Modern neural interfaces allow access to the activity of up to a million neurons within brain circuits. However, bandwidth limits often create a trade-off between greater spatial sampling (more channels or pixels) and the temporal frequency of sampling. Here we demonstrate that it is possible to obtain spatio-temporal super-resolution in neuronal time series by exploiting relationships among neurons, embedded in latent low-dimensional population dynamics. Our novel neural network training strategy, selective backpropagation through time (SBTT), enables learning of deep generative models of latent dynamics from data in which the set of observed variables changes at each time step. The resulting models are able to infer activity for missing samples by combining observations with learned latent dynamics.
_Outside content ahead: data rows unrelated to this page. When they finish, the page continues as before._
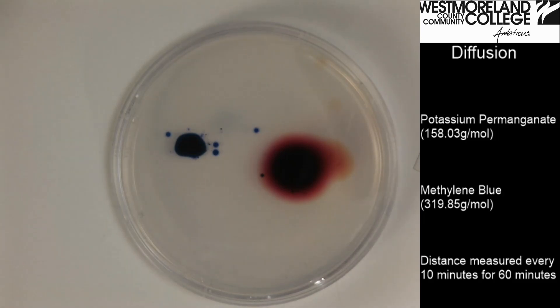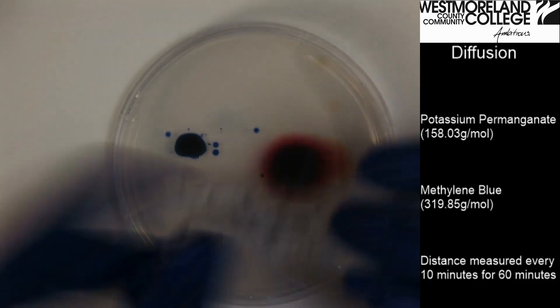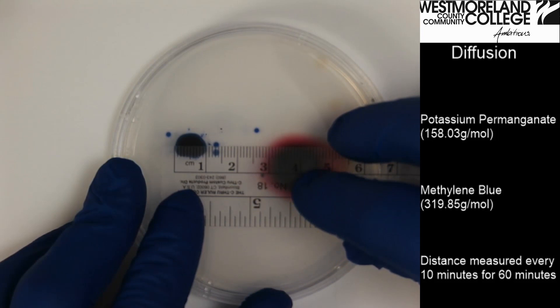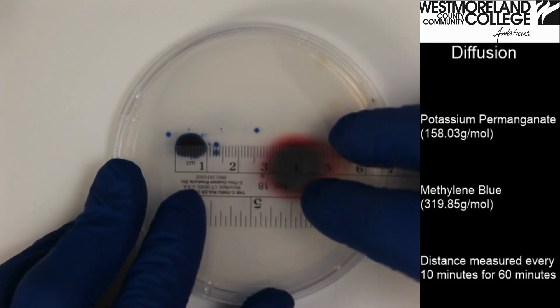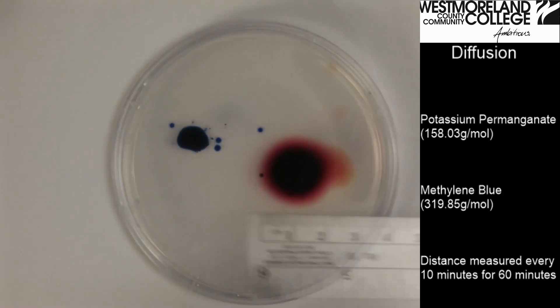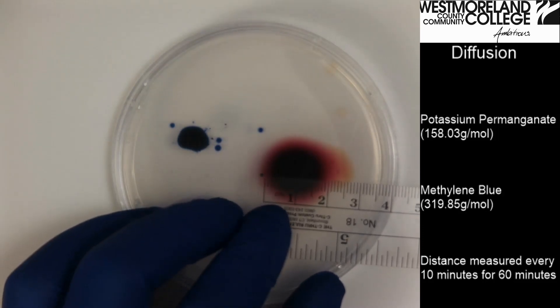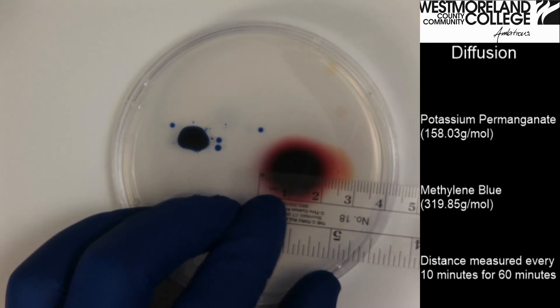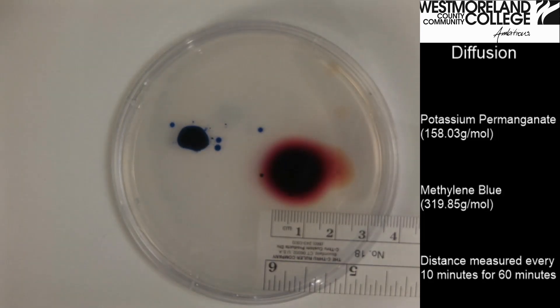It has been ten more minutes and I will take another measurement. The methylene blue still looks like it's right around ten millimeters. The potassium permanganate may be up to 22 millimeters. I'll wait ten more minutes and then that will be our final reading.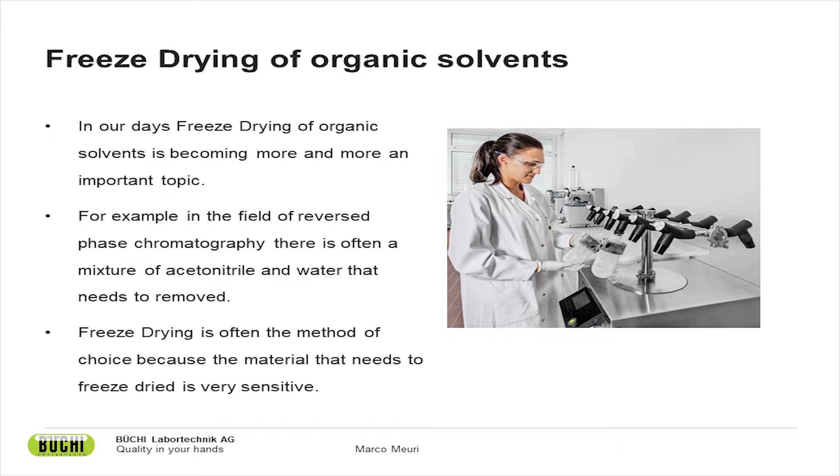Where do these solvents come from that need to be freeze-dried? Some come from reversed-phase chromatography, where often a mixture of acetonitrile and water needs to be removed from a sample. One might ask why not simply remove the organic solvents by evaporation — for example with a rotary evaporator — but this is often not possible because the material is too sensitive and does not allow methods that apply a lot of energy or heat. Furthermore, it is much more convenient to remove the solvent in one process step instead of two.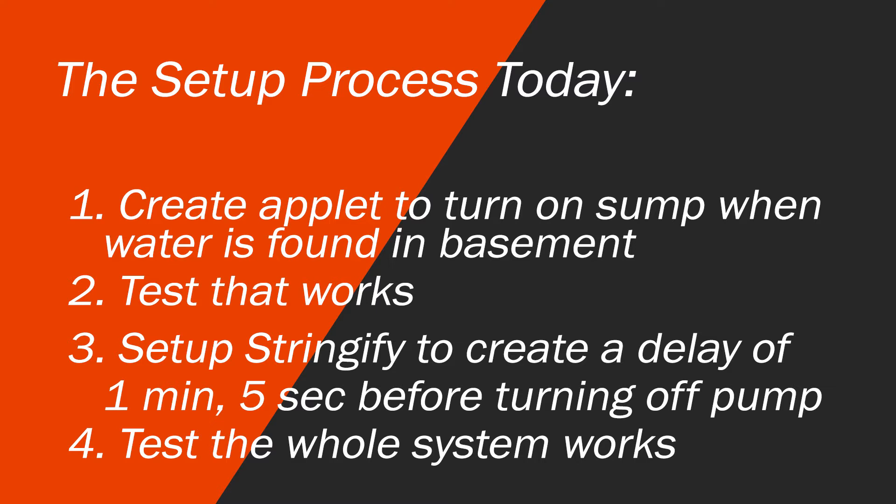Secondly, we're going to use the Stringify application to create a delay of one minute five seconds — which you're going to tune in your own home — before turning off the pump. Then we're going to test that the whole system works, check what notifications we're getting, and you can tune those over time as well.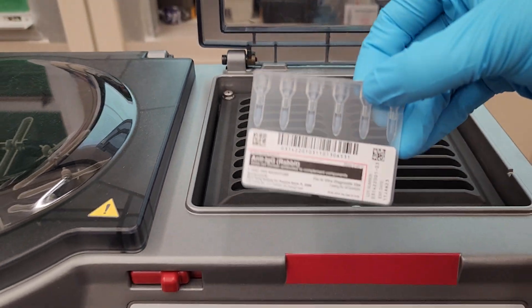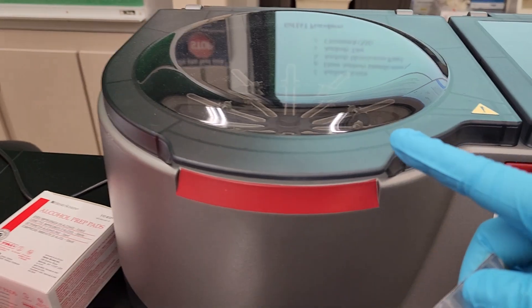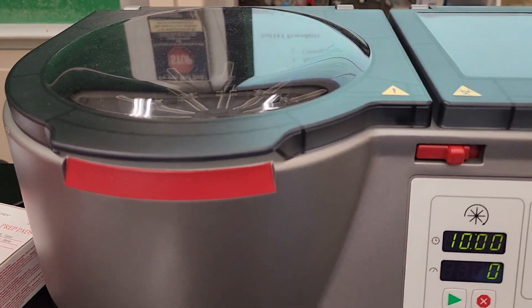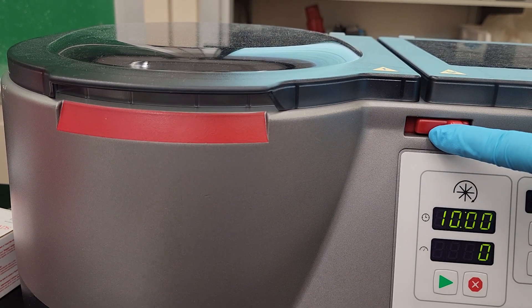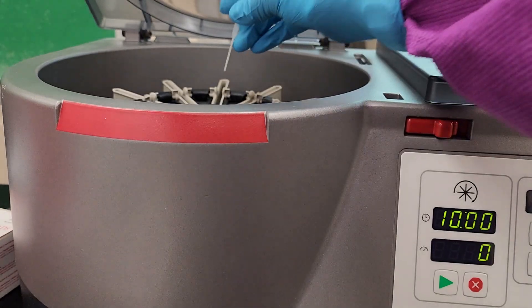We'll take that out — and there's my gel card. You close it nice and gently. And then in order to open this guy up, you'll see it locks. You're going to need to flip this toggle to the right and then open up the lid. You'll put your gel card in.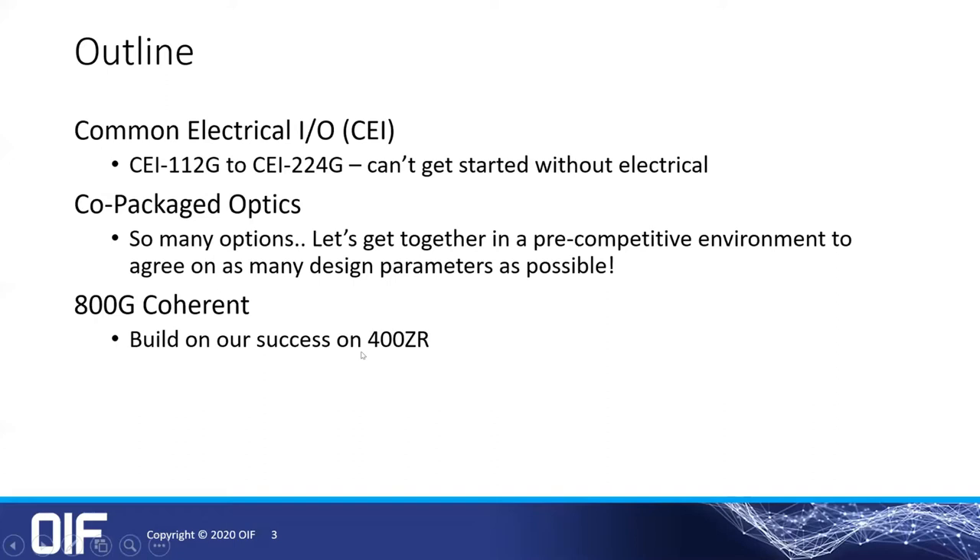For an outline, I'm going to talk about our common electrical IO, otherwise known as CEI. We have a long history there. We are currently wrapping up 112G and moving on to 224G. My tagline: we can't really get started on a lot of these things without this electrical base.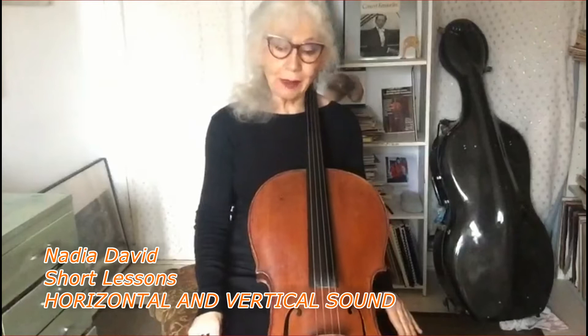I want to share a few ideas about sound — about how we produce sound, how aware are we that we produce sound with our body, not only with our fingers, and what is a sound that will sustain during a performance and not make us tired, but make us and the audience enjoy it.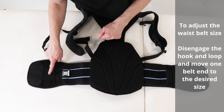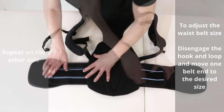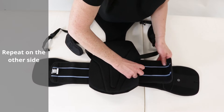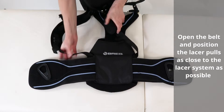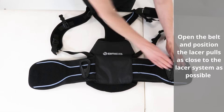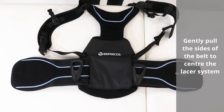How to fit. To adjust the waist belt size, disengage the hook and loop and move one belt end to the desired size. Repeat on the other side. Open the belt and position the lacer pulls as close to the lacer system as possible. Gently pull both sides of the belt to centre the lacer system.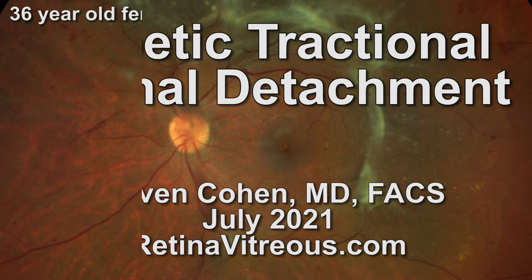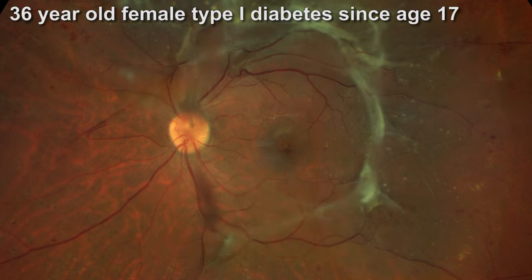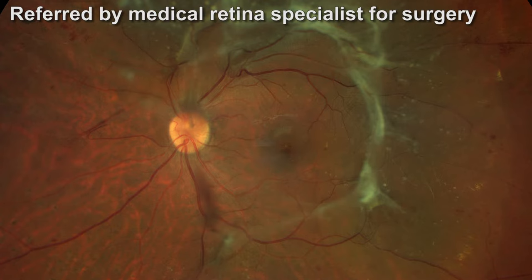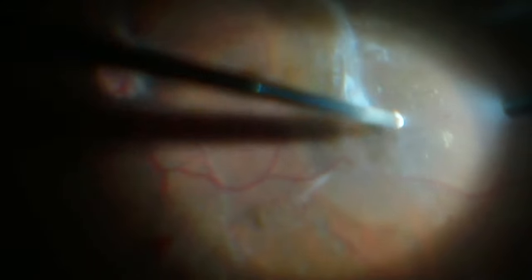This is Dr. Stephen Cohen and this video shows surgery for a diabetic tractional retinal detachment. I've outlined the detachment here in blue. You can see that it's very close to the center of the macula. This patient was referred in by a medical retina specialist who felt it was time for surgery, and I definitely agree. You can see on the OCT scan how close the detachment is to the center of the retina.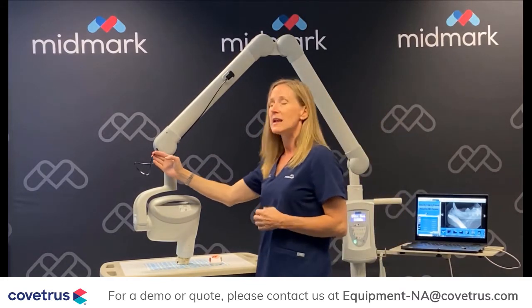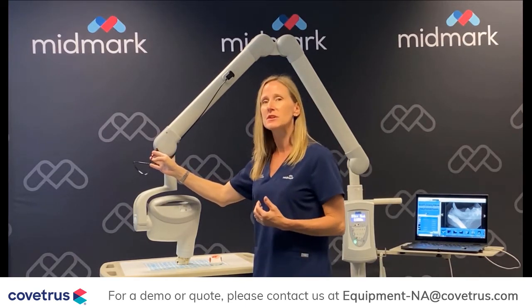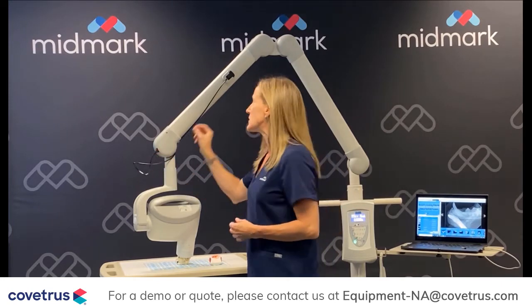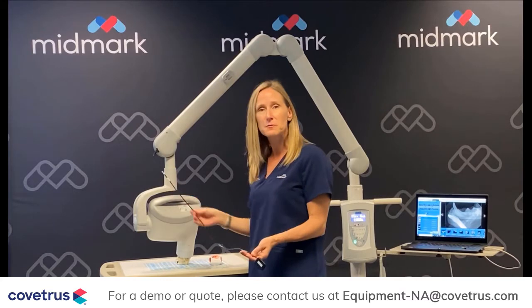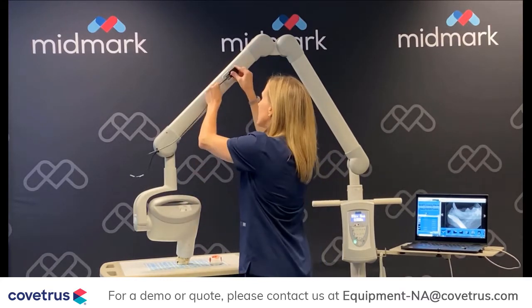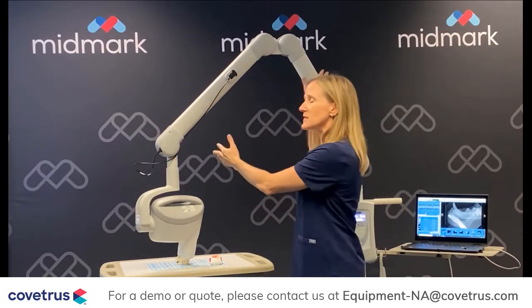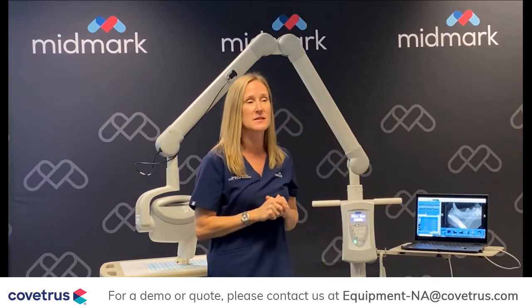The other thing that we did — and if you're going digital — we added the option many years ago to plug the sensor into the arm of the x-ray. What this does is it keeps the sensor really safe. It prevents it from dropping on the ground. Storage-wise, you know where it is at the end of the day. You keep it right here and it's very efficient. Those are some things with our arm design to keep in mind when you're looking into dental x-ray systems.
We test SBTT applied to sequential autoencoders and demonstrate more efficient and higher-fidelity characterization of neural population dynamics in electrophysiological and calcium imaging data. In electrophysiology, SBTT enables accurate inference of neuronal population dynamics with lower interface bandwidths, providing an avenue to significant power savings for implanted neuroelectronic interfaces. In applications to two-photon calcium imaging, SBTT accurately uncovers high-frequency temporal structure underlying neural population activity, substantially outperforming the current state-of-the-art. Finally, we demonstrate that performance could be further improved by using limited, high-bandwidth sampling to pretrain dynamics models, and then using SBTT to adapt these models for sparsely-sampled data.